My God! the torture I endured. Those same scenes I had so loved and delighted in became the lurking haunts of demons. Strange and hideous faces leered at me out of the night. I dreaded the sight of day and when I went out on the rocks the wild, weird cry of the seals rose to my ears with the terrorized shriek of the damned. During this period, a sudden heavy storm swept the coast. I seemed to delight in it. It was something more awful than the tempest in my brain. I ran about upon the beach in the phosphorescent darkness. The sharp blown particles of sand cut my face with the keenness of a razor edge. I laughed and shrieked with the howl and roar of the wind and surf; and I chased with mad glee the swiftly skimming ghosts of foam that scurried up the slant of soapy sand to burst in a thousand pieces against the tufts of wildly wringing sea-grass. Then the hurricane subsided into that strange, almost breathless calm which preceded the tremulous shudder of the 18th. During this time I lay raving or lifeless upon my cot, attended only by my faithful Jap servant, seeming to see my beautifu! beloved writhing in agonies in a tongue of liquid fire, and I unable to succor her. Then, on that awful morning at dawn, came the frightful throe of nature; and with the terrible horror of its fear upon me, I woke from my delirium to realize what had taken place.

My first thought was of the danger to my beloved; and weak as I was, I sprang to my feet, drew on my clothes, drank a glass of whisky to strengthen my legs, and ran-ran like a terrified dog, with panting chest and lolling tongue to the city.

Emerging from behind the sand hills and coming within sight of the dreadful devastation, already I discerned great volumes of smoke belching up in three

quarters, one of which, great God! appeared to be about in the position of the Palace. At sight of it I fell on my face and bit the dust with my teeth. I cried out to God to give me strength to continue. I arose upon my elbows, then upon my knees, then staggered blindly to my feet and rushed on.

Already the refugees from the stricken city began to pass me in twos and threes, then in ever-increasing numbers, until they were like swarms of ants hurrying up. the side of a hill.
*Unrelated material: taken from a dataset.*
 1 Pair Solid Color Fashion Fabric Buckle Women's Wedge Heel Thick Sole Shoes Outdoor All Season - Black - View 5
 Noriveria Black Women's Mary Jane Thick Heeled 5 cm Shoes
They were burdened with every conceivable kind of property, some pulling trunks, others pushing couches loaded with bags and boxes of their most valuable effects; had nothing but themselves; while many a poor, haggard woman pushed and tugged at a sewing machine, the precious source of her daily bread. Some there were wildeyed and frantic, clinging with insane desperation to the most useless of things. One woman-I grinned with hideous laughter at the sight, it was such a gruesome contrast with the thing I went to save-carried a bird-cage containing four blind kittens. Another rushed frantically hither and thither, searching the faces of every flying person she passed, a great armful of calla lilies clasped to her breast. No one paid any heed to me as I plunged and staggered on, wedging and fighting my way through the now densely packed, turbid stream. Each was imbued with the supreme thought of self.
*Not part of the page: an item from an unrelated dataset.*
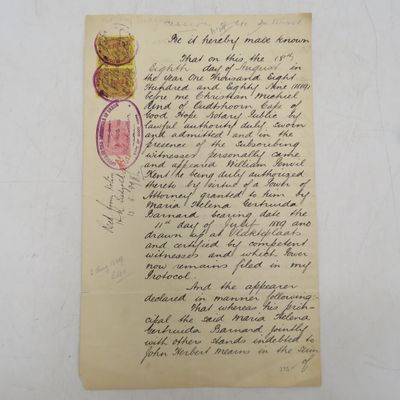 Deed of transfer to MHB Barnard - farms Kruisrivier and Waterkloof - Oudtshoorn 1889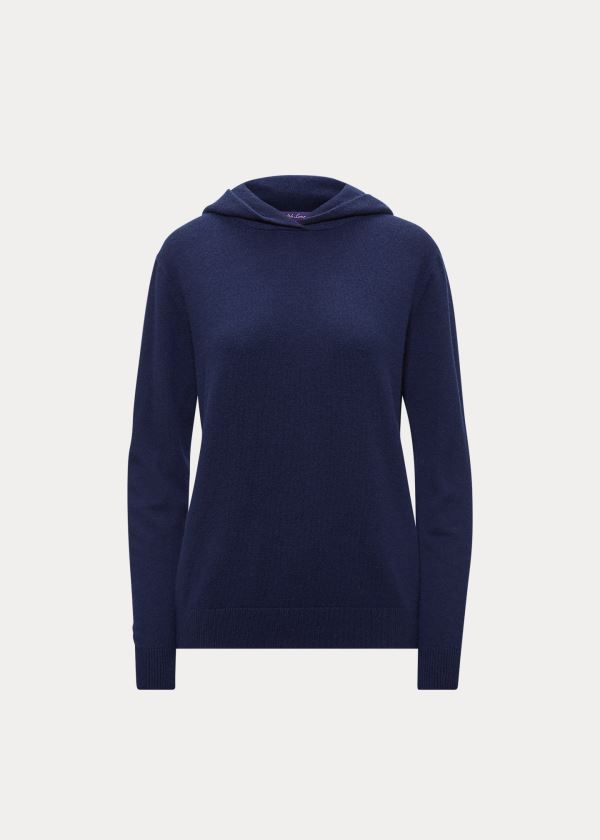 Ralph Lauren Cashmere Hoodie Tmavě Blankyt | gtz44ODp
At last I came to Market street at the intersection of McAllister. From here I could see over the heads of the moving masses the facaded front of the Palace, with the flames licking their dull, lurid tongues rapidly towards it. They could be scarce a block away. My strength renewed by a superhuman effort, I again dashed on.

Fighting, struggling, falling, kicked and cursed at by the mob, I made my way block by block. The heat was already insufferable, so that I was compelled to cover my face with my sleeve. Still I rushed on. No longer had I any hope of saving my beloved; it was merely the thought of dying with her.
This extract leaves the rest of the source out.